I don’t know how long this went on, but the last day it happened, she prayed over me. As she prayed, the “leviathan” came into her mind, and she rebuked this spirit by name.
My infant form relaxed and I slid down into her lap and then onto the floor. I immediately fell asleep and from that moment on, I never pushed her away again.
As a child, this story confused me. I saw the loving determination in my mother’s eyes as she retold this memory. In her mind, she had overcome a great obstacle for us. The result was that her baby was able to receive her love. I believe she wanted me to hear in this story how much she loved me.
So I tried to hear that, but I also felt ashamed. I also heard that I had been a broken and possibly demon possessed baby. My own body had behaved freakishly. What did that mean? What did that say about me? I couldn’t make sense of the story, so I rejected it. I listened to it like it wasn’t really me she was talking about. Even now, writing it down here, I question myself. The details I heard are concrete in my head, but when I try to share them, to shine a spotlight on them, they ghost into an accusation of insanity.

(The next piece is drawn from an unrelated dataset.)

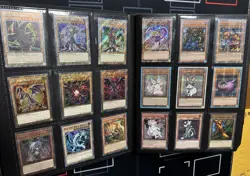 Yu-Gi-Oh! 360 Card All Holo Collection Binder! QCR’s, Ultimate Rare’s & More!!! - Image 1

Did she really say all those things? Am I making this up?
In sharing this openly, I am calling myself out; to stop invalidating my own experiences and emotional responses.
As a child, this story of my infant self was just further proof that I, the “oriental adoptee” in a rural white community was not normal. Loved? Yes, but not normal. A gift from God? Yes, but something was wrong with me.
I had never been interested in baby dolls. Never wanted to babysit as a teen. Even when my husband and I got married we weren’t 100% sure we wanted kids. We’d wait and see how our lives unfolded. So, when we decided we did in fact want children of our own, I had a lot of learning to do about pregnancy, birth and babies. Which I tackled in my typical, overachieving academic fashion.
I learned my little womb-dweller was already becoming familiar with me. He knew my heartbeat and the sound of my voice. It was comforting as a first-time mommy to know those same, effortless things about me would comfort my child in the first few minutes and days of life on the outside. My breast tissue would regulate his body temperature. He would learn to recognize my scent. His familiarity with me would aid his transition.
God’s design in the birth process is amazing!
These weren’t tears of joy. Pregnancy hormones? It was deeper than tearing up at a puppy adoption commercial. Prenatal depression? I didn’t feel an overwhelming sense of hopelessness. It was just thinking about this particular aspect of birth that was different. There was sorrow here. When I finally connected the dots, I was shocked.
Was I really grieving something I experienced as a newborn? Is that even possible?
The day I was born I was held by my first mother. However, that afternoon she was gone. As I thought about that, I imagined myself as a vulnerable infant suddenly losing the reassurance of that familiar heartbeat, her gait, her voice.
Just a few months ago I learned research shows infants register this separation as trauma, coded into the nervous system. At one day old, I would have sensed that disruption and loss, even though I couldn’t understand it.
I suddenly remembered that story of resisting my adopted mother. This new perspective broke my heart. A profound sadness for my infant self replaced the sense of shame I had associated with this story.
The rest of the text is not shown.